Thursday, October 6, 2011

Flume and Hadoop on OS X

For a kick-ass webscale big-data setup on your local mac, you'll want to have Hadoop and Flume place.
No seriously - this setup is especially useful, if you want to route your syslog output from your nodes to HDFS in order to process it later using Map/Reduce jobs.

It took me a while to figure out, how Flume and Hadoop have to be configured so that receiving messages are getting written into HDFS. This is why I decided to write a quick tutorial to get things up and running.

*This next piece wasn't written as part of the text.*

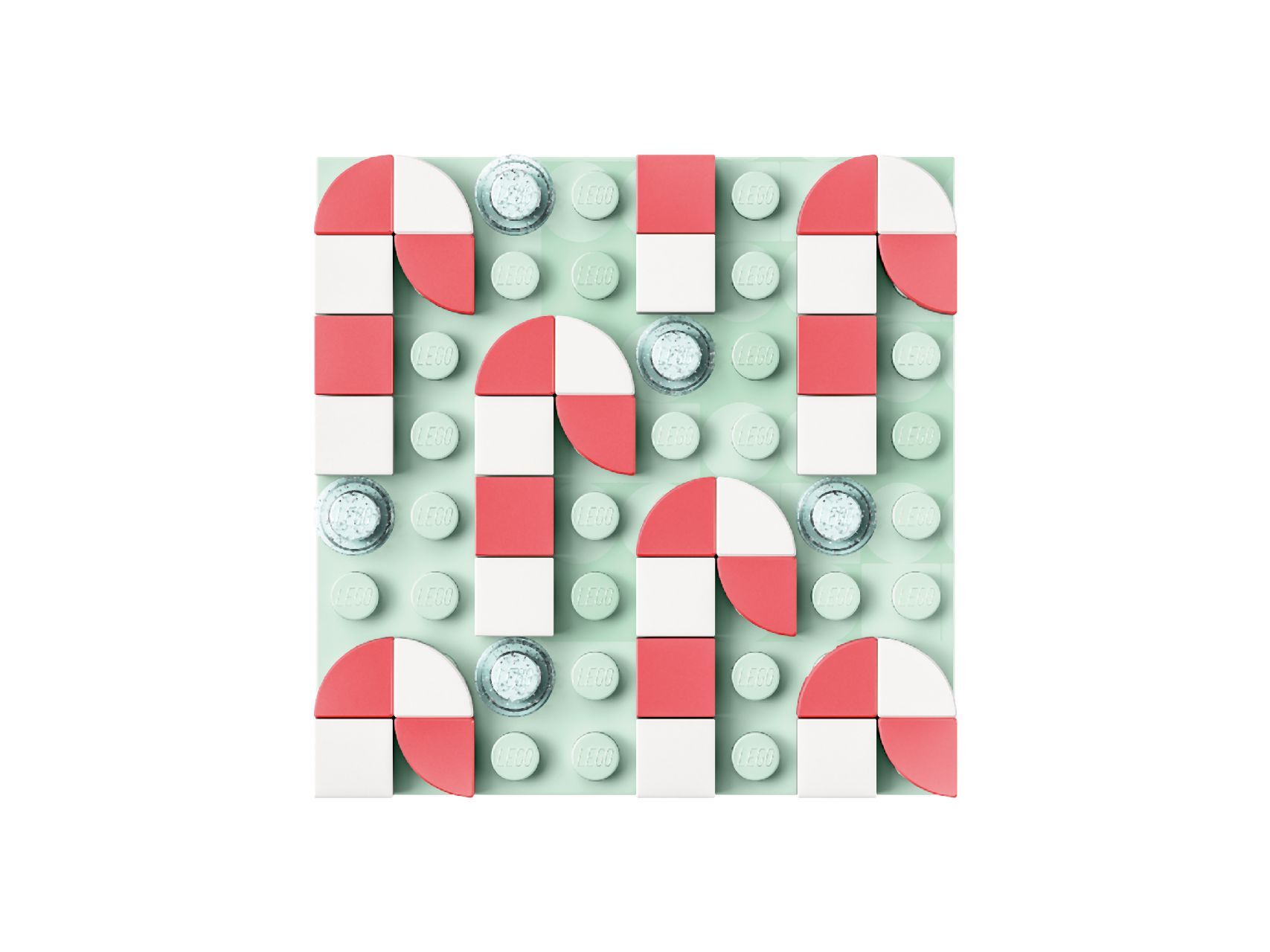 LEGO® Designer Toolkit - Patterns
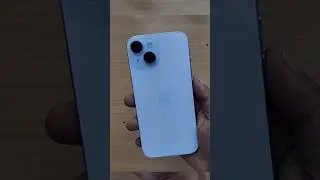 Iphone 15 Action mode comparison 🤯🤯 #shorts #iphone15 #iphone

I assume that you have brew in place. So, the first step is as easy as:

brew install flume

But don't think that you can just install Hadoop with brew. The current version of Hadoop is pinned to 0.21 wich is an unstable version that, AFAIK, doesn't play together with Flume. We need version 0.20.2. I edited my Hadoop formula locally on my mac. But this should work, too:

brew install https://raw.github.com/mxcl/homebrew/d0efd9ee94a55e243f3b10e903526274fc21d569/Library/Formula/hadoop.rb

After you finished the hadoop installation, we need to edit a bunch of files in order to configure hadoop for local single node setup. Go to /usr/local/Cellar/hadoop/0.20.2/libexec/conf and change the following files:

core-site.xml

<?xml version="1.0"?>
<?xml-stylesheet type="text/xsl" href="configuration.xsl"?>
<configuration>
  <property>
    <name>hadoop.tmp.dir</name>
    <value>/tmp/hadoop</value>
  </property>
  <property>
    <name>fs.default.name</name>
    <value>hdfs://localhost:8020</value>
  </property>
</configuration>

mapred-site.xml

<?xml version="1.0"?>
<?xml-stylesheet type="text/xsl" href="configuration.xsl"?>
<configuration>
  <property>
    <name>mapred.job.tracker</name>
    <value>localhost:54311</value>
  </property>
</configuration>

hdfs-site.xml

<?xml version="1.0"?>
<?xml-stylesheet type="text/xsl" href="configuration.xsl"?>
<configuration>
  <property>
    <name>dfs.replication</name>
    <value>1</value>
  </property>
</configuration>

Hadoop is now configured to use /tmp/hadoop as HDFS folder. Now, we need to create and format the directory.

mkdir /tmp/hadoop
cd /tmp/hadoop
hadoop namenode -format

Hadoop will connect to localhost using ssh. To configure ssh in the way that it can connect from localhost to localhost without needing a password, we need to add you public key to your authorized keys.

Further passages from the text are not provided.